Action Planning: After quantification comes the action plan. For a services team, this may mean:

  • Supporting Legal Project Managers as they help their teams map out necessary steps and delegate tasks
  • Coordinating parties for effort estimates and accountability
  • Identifying, assisting, and leveraging third parties (e.g., outside counsel, law companies, technology providers, and/or experts)
  • Building consensus and internal buy-in for final action plan

Remediation: After quantification and action planning, it’s time to finalize the review and tally up the contracts that require remediation. The following are five general types of remediation:

  • Level 1: Tracking all “no action” contracts
  • Level 2: Notification (outgoing) of LIBOR rate transition
  • Level 3: Notification and simple remediation of contract (no countersignature required)
  • Level 4: Notification and simple remediation of contract (countersignature required)
  • Level 5: Notification and full remediation of contract

To assist with the facilitation and resolution of these items, organizations will most likely need to hire temporary contractors or outsource the remediation process to a legal service provider.

Reporting: Throughout the process, it is important for legal teams to be aware of the progress being made, agreements pending, agreements remediated, cycle time, type of remediation, etc.
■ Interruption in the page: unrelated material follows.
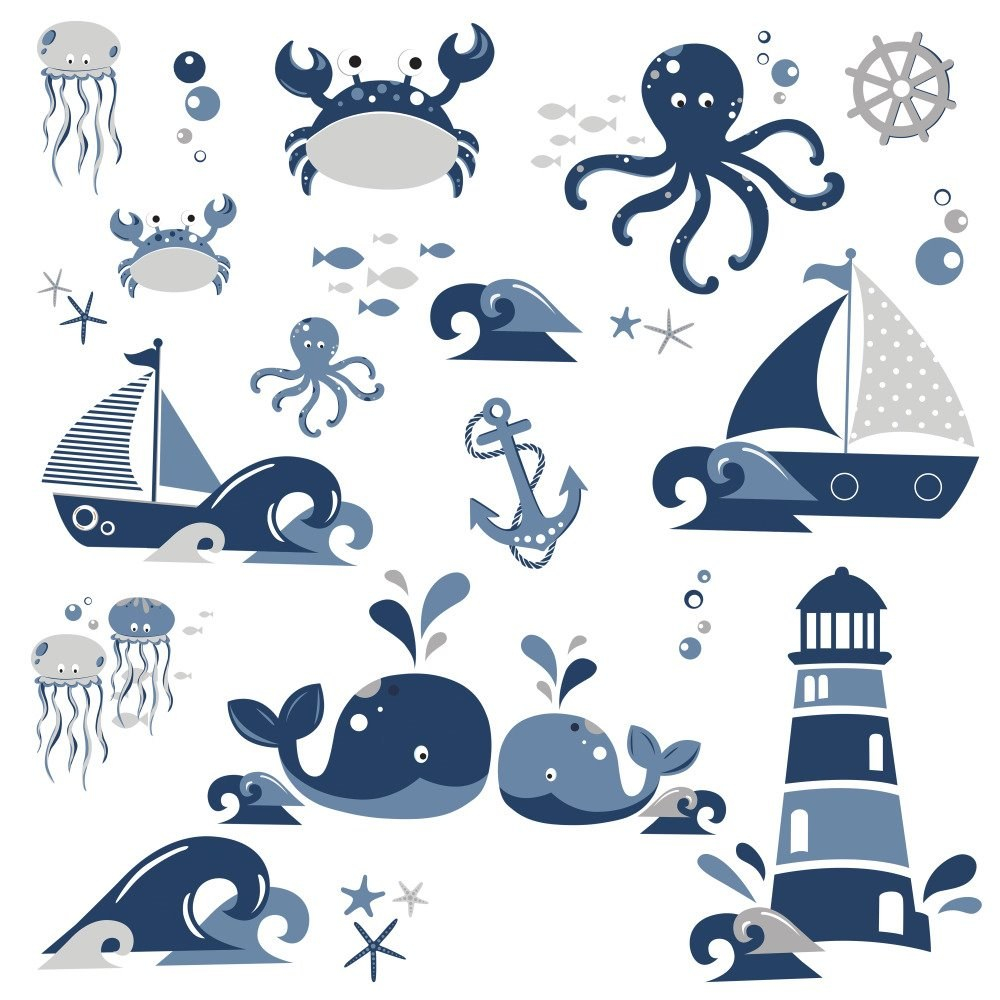 Sticker NAUTICAL SEA FRIENDS | 4 colite de 25,4 cm x 45,7 cm ka-international.ro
A good services team knows how to support the management, tracking, and presentation of reports for internal stakeholders, ensuring accuracy on scope, quality, and budget over time. Again, the use of AI tools by a services team can take this even further, providing deeper data- based insights for future projects.

Conclusion

“Humans + Machines” is better than humans or machines by themselves. We have delivered contract insights on existing and remediated agreements, using the specialized skills of our services teams, and powerful software tools like contract analytics platforms that sift through thousands of LIBOR-infected contracts. The current centrality of the LIBOR problem is just one of the many examples of “Humans + Machines” completing high-quality enterprise legal work. It will only get better from here.